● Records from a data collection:

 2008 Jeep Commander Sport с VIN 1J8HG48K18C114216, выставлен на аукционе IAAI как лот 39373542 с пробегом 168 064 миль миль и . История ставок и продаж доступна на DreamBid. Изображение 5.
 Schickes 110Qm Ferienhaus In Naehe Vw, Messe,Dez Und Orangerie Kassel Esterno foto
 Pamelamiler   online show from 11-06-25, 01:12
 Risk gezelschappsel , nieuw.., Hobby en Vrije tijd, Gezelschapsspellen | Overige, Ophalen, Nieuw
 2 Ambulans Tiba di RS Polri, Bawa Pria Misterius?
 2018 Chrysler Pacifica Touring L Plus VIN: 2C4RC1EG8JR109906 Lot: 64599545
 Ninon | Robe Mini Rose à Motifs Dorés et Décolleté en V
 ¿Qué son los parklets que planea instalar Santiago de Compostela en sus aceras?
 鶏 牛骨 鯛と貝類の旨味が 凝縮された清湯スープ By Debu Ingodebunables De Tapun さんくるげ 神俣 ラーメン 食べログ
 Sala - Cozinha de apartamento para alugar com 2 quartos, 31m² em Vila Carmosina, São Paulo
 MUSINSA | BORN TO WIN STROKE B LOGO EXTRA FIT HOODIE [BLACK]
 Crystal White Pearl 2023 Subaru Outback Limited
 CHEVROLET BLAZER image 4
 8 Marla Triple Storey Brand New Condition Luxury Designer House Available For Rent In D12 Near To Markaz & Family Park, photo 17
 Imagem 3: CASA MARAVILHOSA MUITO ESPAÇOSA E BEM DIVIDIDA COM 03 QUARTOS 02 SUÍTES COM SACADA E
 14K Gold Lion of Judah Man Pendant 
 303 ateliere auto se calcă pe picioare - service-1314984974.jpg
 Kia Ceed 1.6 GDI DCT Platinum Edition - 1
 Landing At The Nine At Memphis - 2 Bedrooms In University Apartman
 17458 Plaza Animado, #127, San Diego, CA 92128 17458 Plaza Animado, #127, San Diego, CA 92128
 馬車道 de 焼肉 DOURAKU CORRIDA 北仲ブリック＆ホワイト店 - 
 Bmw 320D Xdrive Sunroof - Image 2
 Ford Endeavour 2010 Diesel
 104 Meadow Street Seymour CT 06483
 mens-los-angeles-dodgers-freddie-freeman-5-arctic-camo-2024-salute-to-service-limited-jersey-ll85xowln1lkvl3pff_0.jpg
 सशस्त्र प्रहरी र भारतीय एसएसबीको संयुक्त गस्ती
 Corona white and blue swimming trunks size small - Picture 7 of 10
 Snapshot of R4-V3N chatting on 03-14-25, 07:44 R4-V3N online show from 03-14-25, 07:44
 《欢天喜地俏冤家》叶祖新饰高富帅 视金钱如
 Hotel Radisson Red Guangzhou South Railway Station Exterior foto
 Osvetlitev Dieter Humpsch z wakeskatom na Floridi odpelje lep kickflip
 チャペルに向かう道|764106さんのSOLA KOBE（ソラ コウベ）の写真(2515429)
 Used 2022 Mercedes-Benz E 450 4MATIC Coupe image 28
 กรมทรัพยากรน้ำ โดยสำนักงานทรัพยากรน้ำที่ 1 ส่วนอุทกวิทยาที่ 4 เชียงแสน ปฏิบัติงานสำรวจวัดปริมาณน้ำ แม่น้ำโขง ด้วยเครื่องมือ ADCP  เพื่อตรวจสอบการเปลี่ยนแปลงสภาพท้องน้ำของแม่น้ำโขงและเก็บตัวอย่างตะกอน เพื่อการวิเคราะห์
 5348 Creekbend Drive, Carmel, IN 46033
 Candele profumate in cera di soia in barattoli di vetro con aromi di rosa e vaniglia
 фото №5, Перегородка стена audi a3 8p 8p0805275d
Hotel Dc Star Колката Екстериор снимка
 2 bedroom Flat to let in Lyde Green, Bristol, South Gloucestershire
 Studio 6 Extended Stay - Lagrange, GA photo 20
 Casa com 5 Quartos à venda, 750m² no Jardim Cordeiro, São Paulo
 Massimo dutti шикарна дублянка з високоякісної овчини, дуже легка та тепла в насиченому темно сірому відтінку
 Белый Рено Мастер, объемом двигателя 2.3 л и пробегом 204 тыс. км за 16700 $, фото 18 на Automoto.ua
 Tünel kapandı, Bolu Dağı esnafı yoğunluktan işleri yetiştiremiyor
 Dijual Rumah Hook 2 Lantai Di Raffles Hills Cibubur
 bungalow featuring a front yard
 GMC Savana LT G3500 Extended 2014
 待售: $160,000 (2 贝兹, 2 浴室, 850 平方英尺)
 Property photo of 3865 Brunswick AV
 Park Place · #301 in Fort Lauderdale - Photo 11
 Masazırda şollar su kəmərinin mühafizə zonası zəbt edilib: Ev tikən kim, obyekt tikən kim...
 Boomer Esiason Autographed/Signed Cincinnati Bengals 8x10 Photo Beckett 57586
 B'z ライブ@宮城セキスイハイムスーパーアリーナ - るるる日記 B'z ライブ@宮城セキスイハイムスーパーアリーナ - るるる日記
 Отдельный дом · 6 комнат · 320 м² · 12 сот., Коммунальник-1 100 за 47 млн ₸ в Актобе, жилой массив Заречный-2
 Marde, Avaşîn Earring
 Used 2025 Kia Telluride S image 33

● How to complete this task:
Make sure every record is repeated exactly.

● Solution to the problem:
 2008 Jeep Commander Sport с VIN 1J8HG48K18C114216, выставлен на аукционе IAAI как лот 39373542 с пробегом 168 064 миль миль и . История ставок и продаж доступна на DreamBid. Изображение 5.
 Schickes 110Qm Ferienhaus In Naehe Vw, Messe,Dez Und Orangerie Kassel Esterno foto
 Pamelamiler   online show from 11-06-25, 01:12
 Risk gezelschappsel , nieuw.., Hobby en Vrije tijd, Gezelschapsspellen | Overige, Ophalen, Nieuw
 2 Ambulans Tiba di RS Polri, Bawa Pria Misterius?
 2018 Chrysler Pacifica Touring L Plus VIN: 2C4RC1EG8JR109906 Lot: 64599545
 Ninon | Robe Mini Rose à Motifs Dorés et Décolleté en V
 ¿Qué son los parklets que planea instalar Santiago de Compostela en sus aceras?
 鶏 牛骨 鯛と貝類の旨味が 凝縮された清湯スープ By Debu Ingodebunables De Tapun さんくるげ 神俣 ラーメン 食べログ
 Sala - Cozinha de apartamento para alugar com 2 quartos, 31m² em Vila Carmosina, São Paulo
 MUSINSA | BORN TO WIN STROKE B LOGO EXTRA FIT HOODIE [BLACK]
 Crystal White Pearl 2023 Subaru Outback Limited
 CHEVROLET BLAZER image 4
 8 Marla Triple Storey Brand New Condition Luxury Designer House Available For Rent In D12 Near To Markaz & Family Park, photo 17
 Imagem 3: CASA MARAVILHOSA MUITO ESPAÇOSA E BEM DIVIDIDA COM 03 QUARTOS 02 SUÍTES COM SACADA E
 14K Gold Lion of Judah Man Pendant 
 303 ateliere auto se calcă pe picioare - service-1314984974.jpg
 Kia Ceed 1.6 GDI DCT Platinum Edition - 1
 Landing At The Nine At Memphis - 2 Bedrooms In University Apartman
 17458 Plaza Animado, #127, San Diego, CA 92128 17458 Plaza Animado, #127, San Diego, CA 92128
 馬車道 de 焼肉 DOURAKU CORRIDA 北仲ブリック＆ホワイト店 - 
 Bmw 320D Xdrive Sunroof - Image 2
 Ford Endeavour 2010 Diesel
 104 Meadow Street Seymour CT 06483
 mens-los-angeles-dodgers-freddie-freeman-5-arctic-camo-2024-salute-to-service-limited-jersey-ll85xowln1lkvl3pff_0.jpg
 सशस्त्र प्रहरी र भारतीय एसएसबीको संयुक्त गस्ती
 Corona white and blue swimming trunks size small - Picture 7 of 10
 Snapshot of R4-V3N chatting on 03-14-25, 07:44 R4-V3N online show from 03-14-25, 07:44
 《欢天喜地俏冤家》叶祖新饰高富帅 视金钱如
 Hotel Radisson Red Guangzhou South Railway Station Exterior foto
 Osvetlitev Dieter Humpsch z wakeskatom na Floridi odpelje lep kickflip
 チャペルに向かう道|764106さんのSOLA KOBE（ソラ コウベ）の写真(2515429)
 Used 2022 Mercedes-Benz E 450 4MATIC Coupe image 28
 กรมทรัพยากรน้ำ โดยสำนักงานทรัพยากรน้ำที่ 1 ส่วนอุทกวิทยาที่ 4 เชียงแสน ปฏิบัติงานสำรวจวัดปริมาณน้ำ แม่น้ำโขง ด้วยเครื่องมือ ADCP  เพื่อตรวจสอบการเปลี่ยนแปลงสภาพท้องน้ำของแม่น้ำโขงและเก็บตัวอย่างตะกอน เพื่อการวิเคราะห์
 5348 Creekbend Drive, Carmel, IN 46033
 Candele profumate in cera di soia in barattoli di vetro con aromi di rosa e vaniglia
 фото №5, Перегородка стена audi a3 8p 8p0805275d
Hotel Dc Star Колката Екстериор снимка
 2 bedroom Flat to let in Lyde Green, Bristol, South Gloucestershire
 Studio 6 Extended Stay - Lagrange, GA photo 20
 Casa com 5 Quartos à venda, 750m² no Jardim Cordeiro, São Paulo
 Massimo dutti шикарна дублянка з високоякісної овчини, дуже легка та тепла в насиченому темно сірому відтінку
 Белый Рено Мастер, объемом двигателя 2.3 л и пробегом 204 тыс. км за 16700 $, фото 18 на Automoto.ua
 Tünel kapandı, Bolu Dağı esnafı yoğunluktan işleri yetiştiremiyor
 Dijual Rumah Hook 2 Lantai Di Raffles Hills Cibubur
 bungalow featuring a front yard
 GMC Savana LT G3500 Extended 2014
 待售: $160,000 (2 贝兹, 2 浴室, 850 平方英尺)
 Property photo of 3865 Brunswick AV
 Park Place · #301 in Fort Lauderdale - Photo 11
 Masazırda şollar su kəmərinin mühafizə zonası zəbt edilib: Ev tikən kim, obyekt tikən kim...
 Boomer Esiason Autographed/Signed Cincinnati Bengals 8x10 Photo Beckett 57586
 B'z ライブ@宮城セキスイハイムスーパーアリーナ - るるる日記 B'z ライブ@宮城セキスイハイムスーパーアリーナ - るるる日記
 Отдельный дом · 6 комнат · 320 м² · 12 сот., Коммунальник-1 100 за 47 млн ₸ в Актобе, жилой массив Заречный-2
 Marde, Avaşîn Earring
 Used 2025 Kia Telluride S image 33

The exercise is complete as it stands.